Oh, d'aucun va me dire que, non ils ne donnent pas des vœux à tout le monde, que non ce n'est pas hypocrite, et que non ils ne cirent pas les pompes en agissant de la sorte. Fort bien. J'accepte le propos, mais cela sous-entend alors que les dits vœux sont alors machinaux, sitôt dits sitôt oubliés, et qu'en conséquence ils ne valent guère plus que la salive gaspillée à lancer les deux mots fatidiques. Alors pourquoi se fouler la langue, quand on peut s'en épargner l'effort? Je ne renie par le droit d'être sympathique, pour ne pas dire lumineux de ceux qui nous donnent de la générosité et de l'espoir avec candeur, mais au-delà, je doute que tout le monde soit atteint de cette grâce, de ce cœur pur qui donne sans attendre quoi que ce soit en retour. Cynisme? Cruauté? Non, juste une lucidité ordinaire me faisant douter des gens.

Certains attendent sûrement de moi que je dénonce le consumérisme et le profit généré par les fêtes de fin d'année.
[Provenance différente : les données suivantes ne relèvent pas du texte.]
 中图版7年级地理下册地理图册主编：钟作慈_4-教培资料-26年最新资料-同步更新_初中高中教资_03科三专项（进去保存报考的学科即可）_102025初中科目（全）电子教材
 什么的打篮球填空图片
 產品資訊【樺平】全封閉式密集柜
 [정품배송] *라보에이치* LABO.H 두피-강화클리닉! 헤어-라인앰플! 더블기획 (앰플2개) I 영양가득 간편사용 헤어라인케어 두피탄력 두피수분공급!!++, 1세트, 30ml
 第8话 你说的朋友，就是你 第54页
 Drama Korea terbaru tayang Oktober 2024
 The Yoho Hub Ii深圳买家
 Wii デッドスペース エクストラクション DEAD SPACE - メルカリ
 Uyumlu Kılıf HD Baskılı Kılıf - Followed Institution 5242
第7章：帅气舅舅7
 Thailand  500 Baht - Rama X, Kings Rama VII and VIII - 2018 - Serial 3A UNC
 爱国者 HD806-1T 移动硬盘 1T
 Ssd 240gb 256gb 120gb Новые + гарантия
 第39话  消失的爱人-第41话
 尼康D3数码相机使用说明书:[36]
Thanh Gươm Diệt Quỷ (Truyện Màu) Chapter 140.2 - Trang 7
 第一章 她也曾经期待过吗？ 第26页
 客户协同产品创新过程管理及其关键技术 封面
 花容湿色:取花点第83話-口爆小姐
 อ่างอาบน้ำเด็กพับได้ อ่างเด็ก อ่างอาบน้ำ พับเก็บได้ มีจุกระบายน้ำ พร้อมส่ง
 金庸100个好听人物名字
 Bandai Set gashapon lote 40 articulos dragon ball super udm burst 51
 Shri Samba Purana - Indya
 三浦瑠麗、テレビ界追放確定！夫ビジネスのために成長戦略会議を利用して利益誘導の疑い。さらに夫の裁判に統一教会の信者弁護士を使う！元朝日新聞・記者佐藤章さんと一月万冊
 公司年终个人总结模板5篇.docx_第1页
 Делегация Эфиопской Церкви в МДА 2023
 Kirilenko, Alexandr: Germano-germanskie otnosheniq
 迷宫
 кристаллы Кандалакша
Je l'ai déjà fait à tant de reprises qu'il serait mal venu de remettre le couvert, donc je vous laisse à vos réflexions sur ce que sont réellement ces fêtes. La seule à se demander est: fait-on preuve de sincérité avec les vœux et les cadeaux, ou bien le fait-on pour obtenir une tranquillité d'esprit?

Bref. Je ne plierai pas: je hais les fêtes, et ça, ce n'est pas nouveau. Je les hais parce qu'elles ne représentent rien d'autre qu'une date sur un calendrier, parce qu'il serait de bon ton d'agir au quotidien et non de manière ponctuelle, et pardessus tout de cesser de suivre ces obligations parce que la masse agit de même. Cela ne me fait pas dire de ne pas répondre, car la politesse est importante à mes yeux, mais avant tout de ne donner du "bonne année" que lorsqu'on est convaincu qu'on le fait parce qu'on souhaite réellement une bonne année à l'autre… Je sais bien que c'est un cliché absolu, que je vais encore passer pour un misanthrope doublé d'une pourriture immorale, mais après tout, mieux vaut passer pour un con, que de l'être en faisant mine de ne pas l'être.

Sur ce, je vous souhaite non pas une bonne année, mais carrément "je vous souhaite que l'avenir vous sera plus agréable qu'il ne l'a été l'année dernière". Pourquoi cette différence? Parce qu'au moins, si vous ne me relisez jamais, j'aurai la certitude de ne pas cantonner mes vœux à une période temporelle restreinte, mais pour le plus longtemps possible!